Space weather means you’re going to miss the concert tonight. Image: Wendy Marijnissen, via Nieuwsblad.be
‘As humanity is increasingly dependent on communication technologies and satellites circling the Earth, we have become more vulnerable to so-called space weather.’
Through a solar telescope, the Sun looks like a calm, yellow disk with some darker sunspots here and there. However, when you look at UV images of the Sun, you will be surprised by the intricate structures that decorate the solar disk and its edges. These are coronal loops resulting from the complex magnetic field of the Sun and its interaction with the surrounding hot matter . Do you remember the classic school experiment with a magnet and sawdust? That’s exactly what the Sun’s magnetic field does NOT look like.

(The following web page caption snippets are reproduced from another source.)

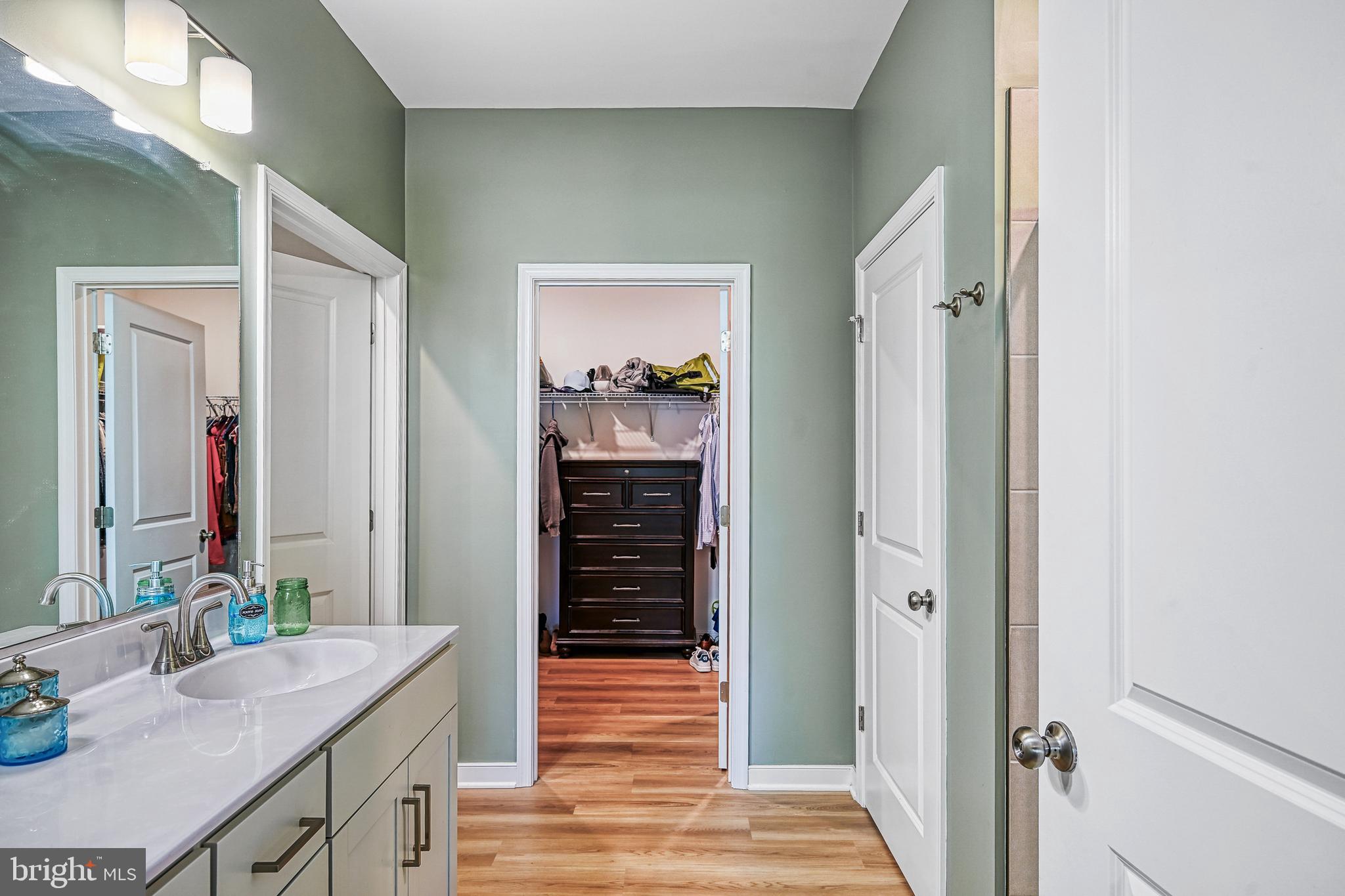 NOAHS LANDING - Residential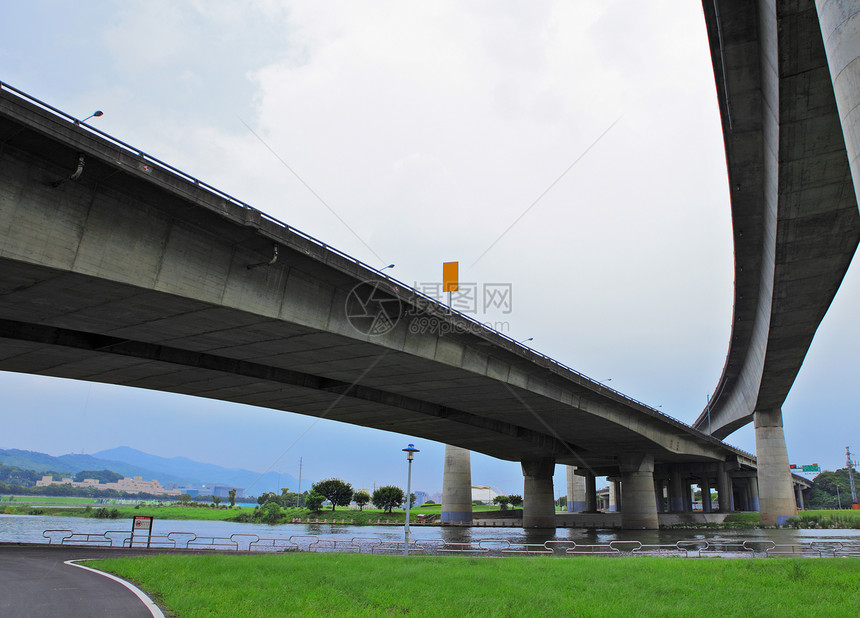 高速公路卡车城市速度地平线建筑运动街道运输场景商业图片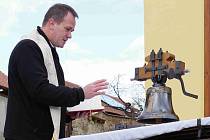 Zavěšení nového zvonu do kapličky ve Lštěni.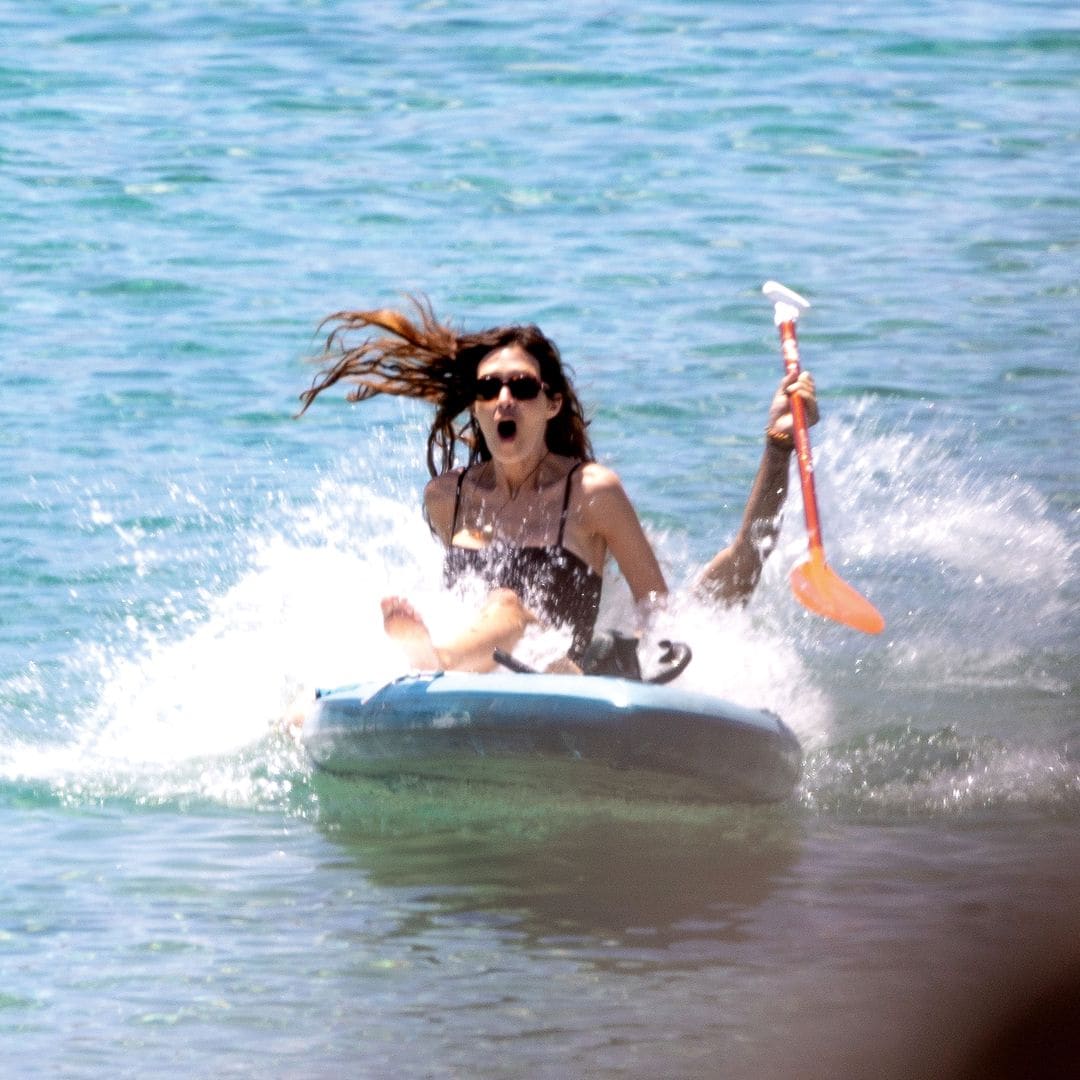 Sara Carbonero, divirtiéndose en la playa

Unlike your school’s magnet, the Sun is made up of very hot gas. The Sun is so hot that some atoms fall apart and lose their electrons. This means our Sun is made out of a huge amount of charged, swarming particles. The Sun not only rotates on its axis, its matter constantly bubbles up to the surface. And this movement of charged particles induces an extremely complex magnetic field which, to make things even more unpredictable, is constantly changing. Do you remember the joy when the sawdust magically jumped into the loops around the magnet? In the case of the Sun, it is not metal sawdust that forms the coronal loops, but particles of hot material (up to a million degrees) that surround the Sun. These particles flow along magnetic field lines, creating these beautiful curves and loops.